Judge Delivers Wrist Slap to Bloomberg's Graffiti Ban
As much as New York Mayor Bloomberg wished to sweep Marc Ecko's graffiti party under the rug, a colorful judge, yesterday, armed with the full weight of the first amendment and a wrist-slapping attitude toward the cities efforts to ban the event, Judge Jed S. Rakoff ruled in favor of Ecko and required the city to reinstate a permit Ecko had requested for a block party at which mock subway cars will be painted graffiti-style. The event was to promote an Atari video game which would make the event commercial, thus allowing the city greater control over the event but Ecko, Friday, said the game would not be featured at the event making the event fully covered by the First Amendment.
Out legal linguist Bucky Turco sat in on the decision yesterday and tells us the judge "ridiculed the city and scolded them for first amendment violations and for acting outside of their provisional power and authority."
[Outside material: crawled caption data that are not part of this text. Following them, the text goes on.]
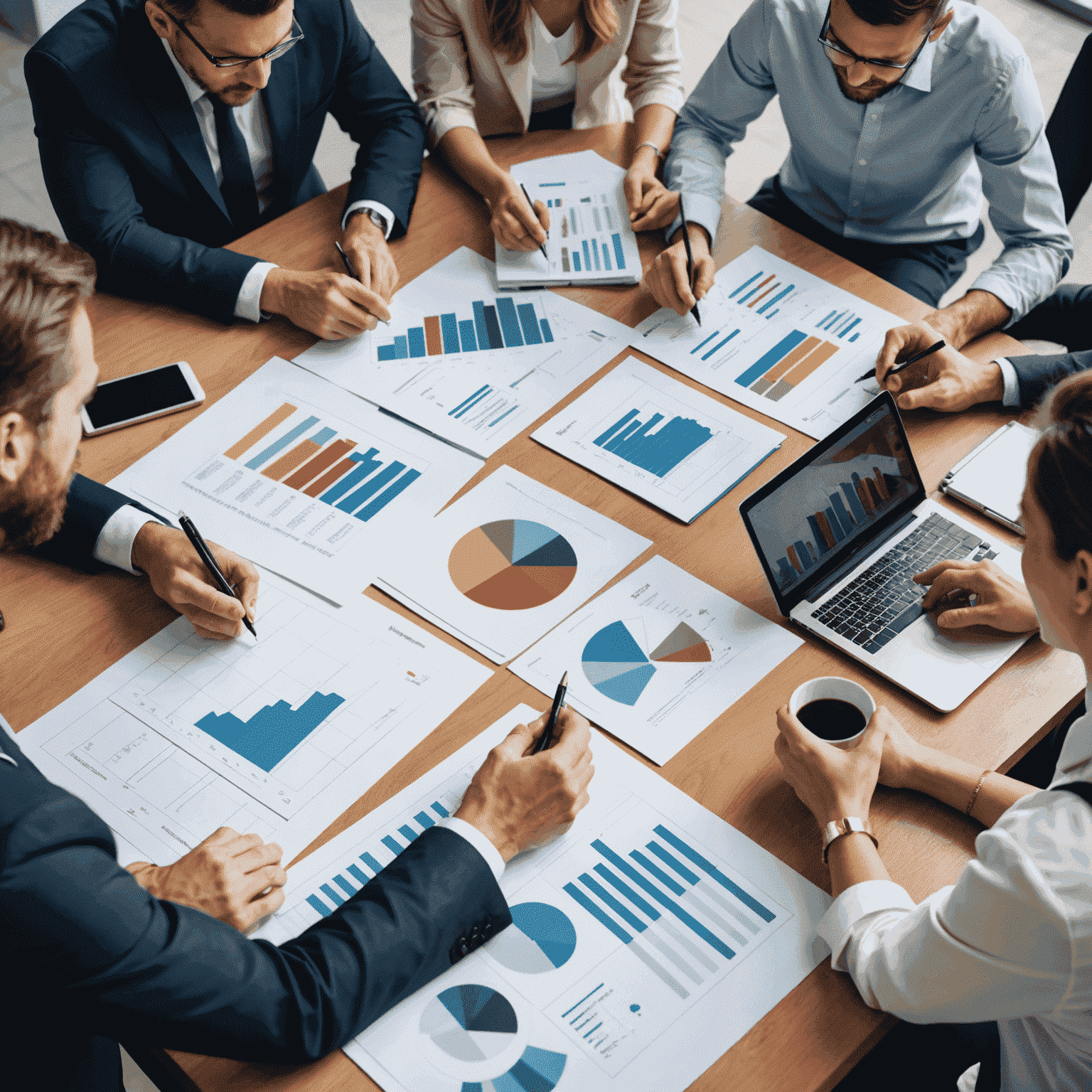 A group of professionals gathered around a table with charts and graphs, discussing long-term business strategies. The image conveys a sense of collaboration and forward-thinking.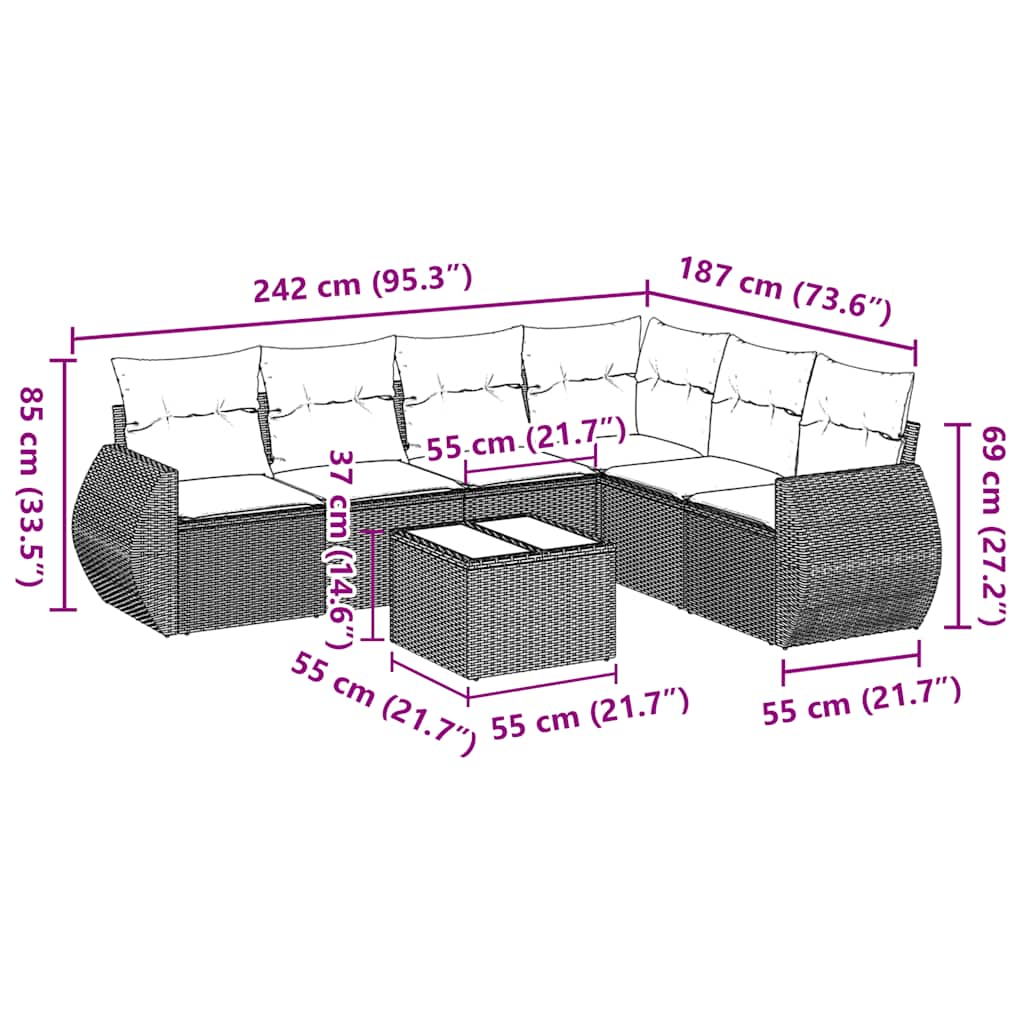 7 Pcs conjunto de sofás p/ jardim c/ almofadões vime PE preto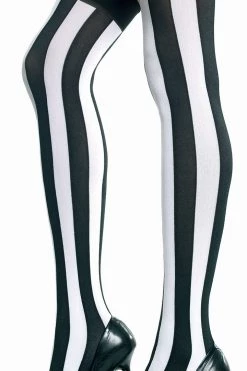 Music Legs Black & White Opaque Vertical Striped Thigh Highs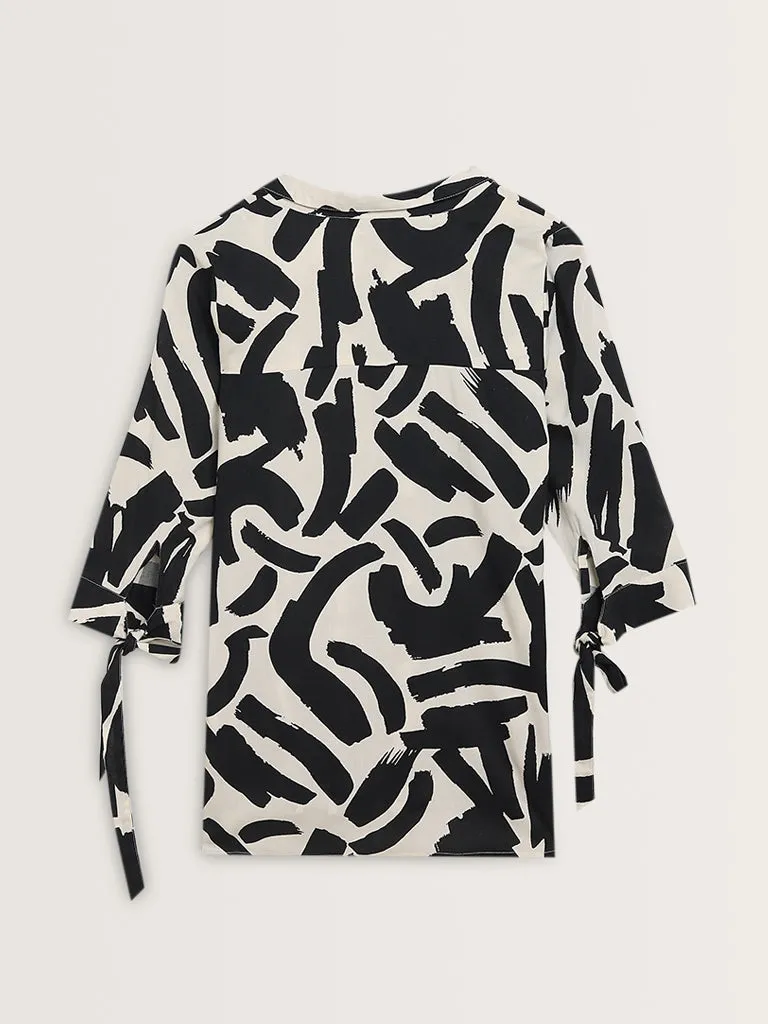 LOV Black Abstract Printed Shirt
The judge, explaining his decision, wrote, in part, "So, the only real issue is whether the City can lawfully proscribe an otherwise-approved public art exhibition on its streets because that exhibition involves painting graffiti on mock subway cars. The City does not suggest, nor could it, that such painting is itself a crime, since the 'subway car' panels are plainly mock-ups. But it claims the right to censor this exercise of free speech expression because, in the words of the Mayor on his radio program last Friday, the exhibition is tantamount to 'encouraging vandalism.' By the same token, presumably, a street performance of Hamlet would be tantamount to encouraging revenge murder. Or, in a different vein, a street performance of 'rap' music might well include the singing of lyrics that could be viewed as encouraging sexual assault. As for a street performance of Oedipus Rex don't even think about it."